[Data segment]:
---+---

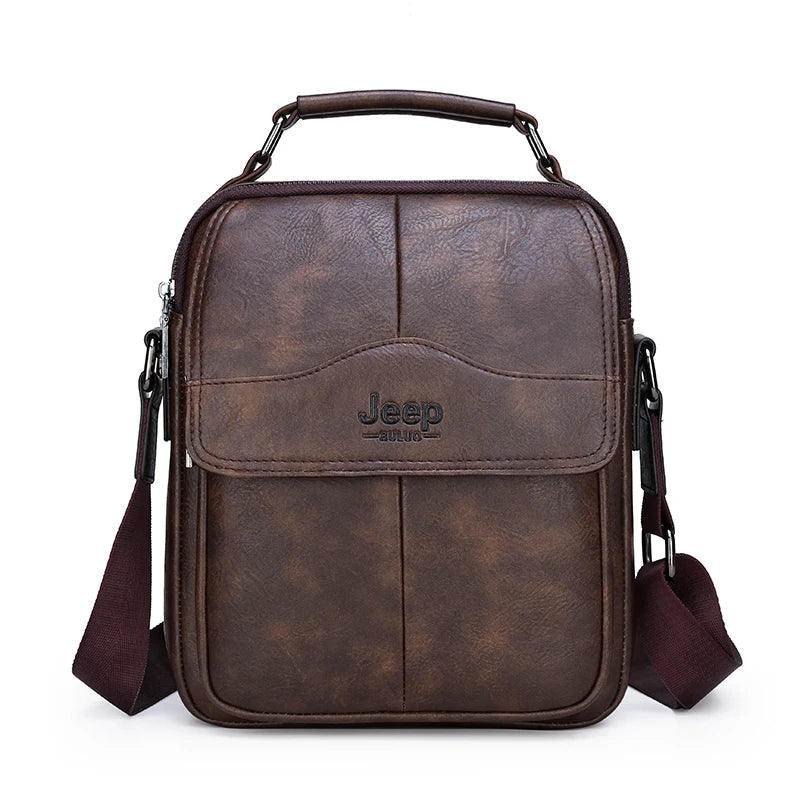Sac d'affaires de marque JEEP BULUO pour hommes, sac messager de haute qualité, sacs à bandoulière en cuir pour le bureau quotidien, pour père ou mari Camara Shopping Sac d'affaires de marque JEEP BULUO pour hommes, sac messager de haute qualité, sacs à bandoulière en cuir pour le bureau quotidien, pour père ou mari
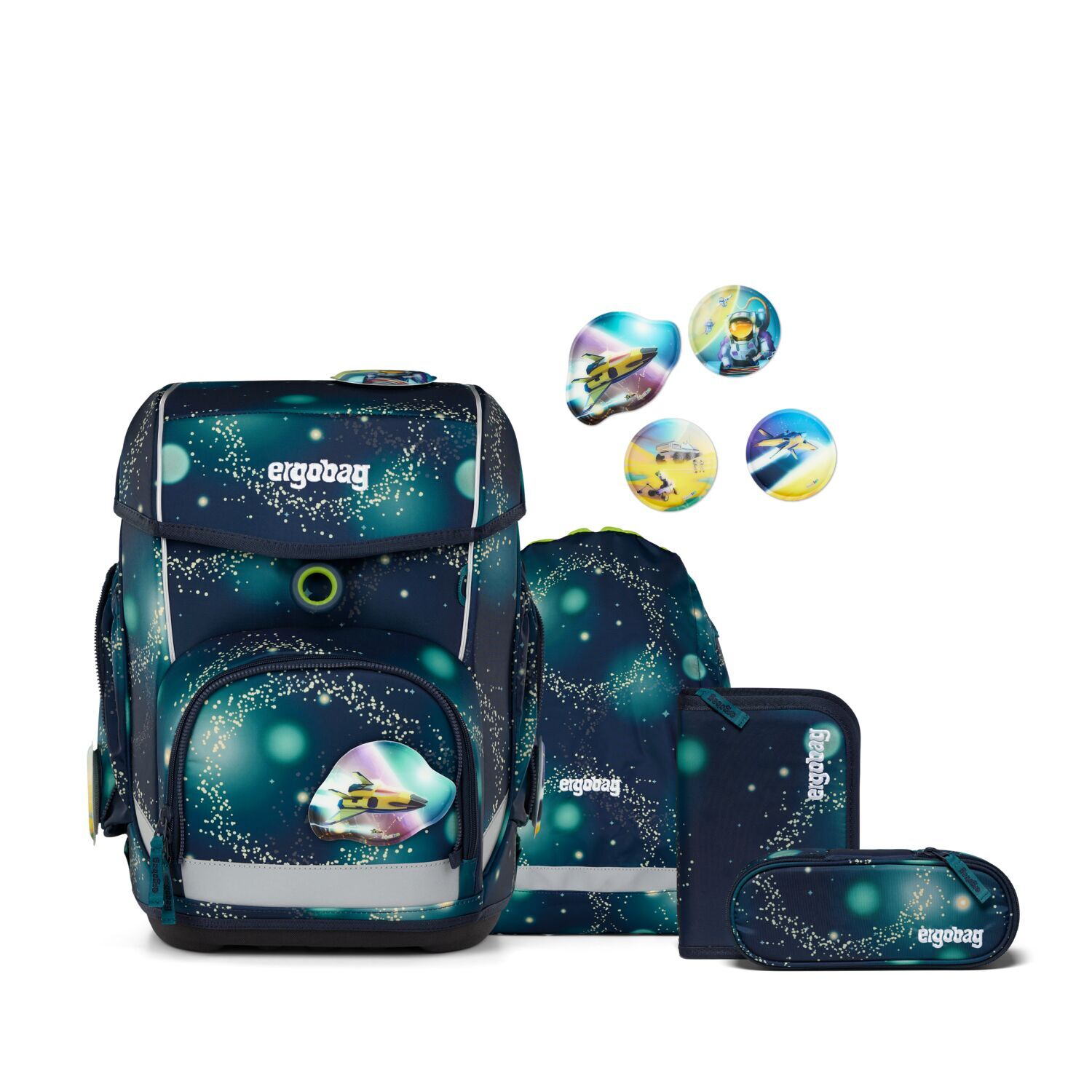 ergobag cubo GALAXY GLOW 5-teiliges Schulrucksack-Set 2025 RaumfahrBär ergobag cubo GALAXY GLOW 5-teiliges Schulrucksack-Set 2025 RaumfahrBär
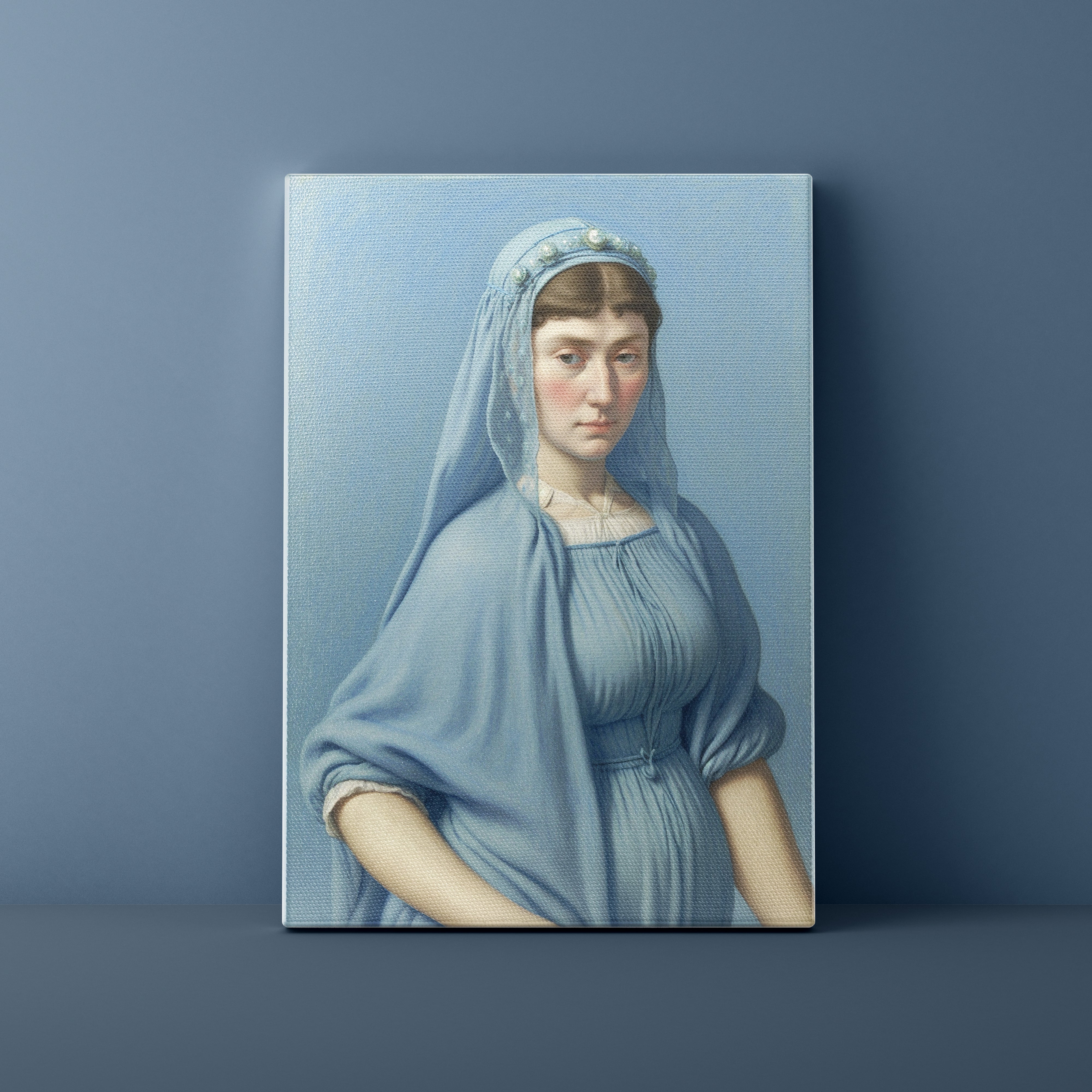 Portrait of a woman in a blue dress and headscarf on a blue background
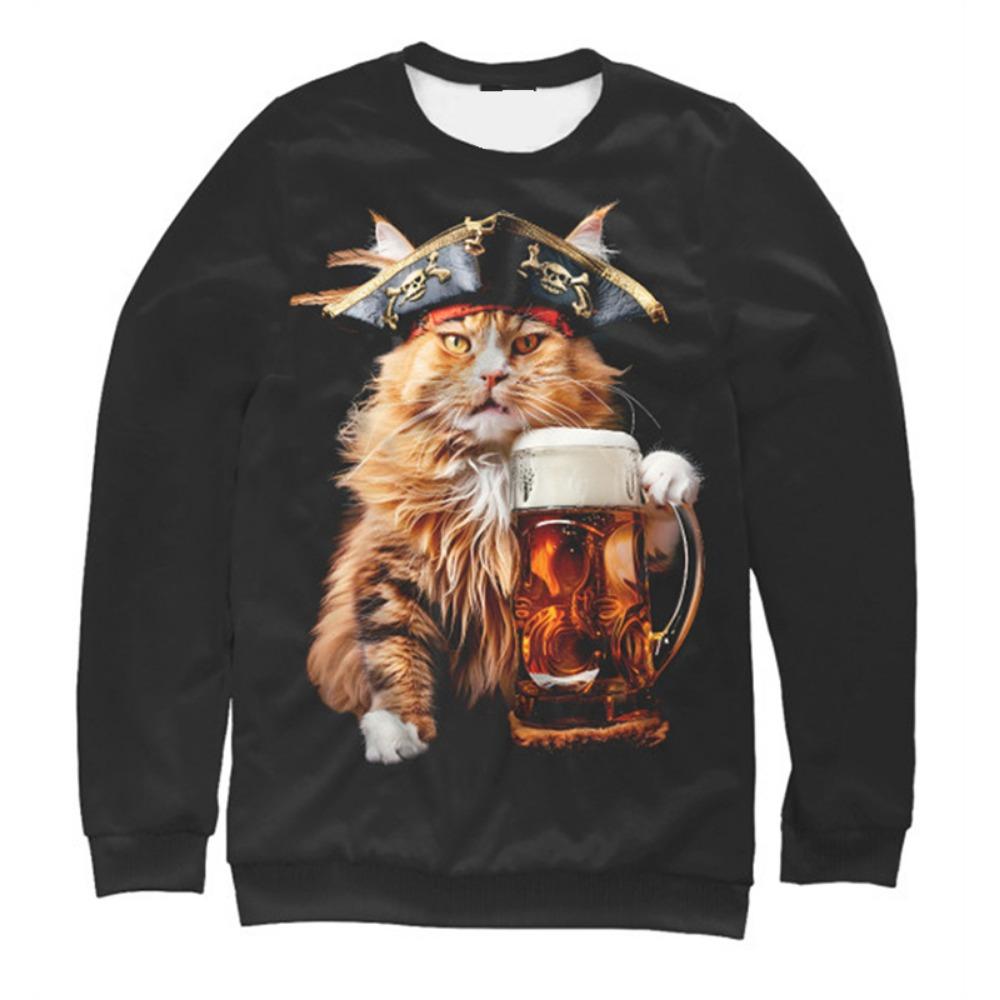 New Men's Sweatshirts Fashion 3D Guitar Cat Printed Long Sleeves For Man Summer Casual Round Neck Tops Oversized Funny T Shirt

---+---

Pictures aside, print every line of the material exactly.

Sac d'affaires de marque JEEP BULUO pour hommes, sac messager de haute qualité, sacs à bandoulière en cuir pour le bureau quotidien, pour père ou mari Camara Shopping Sac d'affaires de marque JEEP BULUO pour hommes, sac messager de haute qualité, sacs à bandoulière en cuir pour le bureau quotidien, pour père ou mari
 ergobag cubo GALAXY GLOW 5-teiliges Schulrucksack-Set 2025 RaumfahrBär ergobag cubo GALAXY GLOW 5-teiliges Schulrucksack-Set 2025 RaumfahrBär
 Portrait of a woman in a blue dress and headscarf on a blue background
 New Men's Sweatshirts Fashion 3D Guitar Cat Printed Long Sleeves For Man Summer Casual Round Neck Tops Oversized Funny T Shirt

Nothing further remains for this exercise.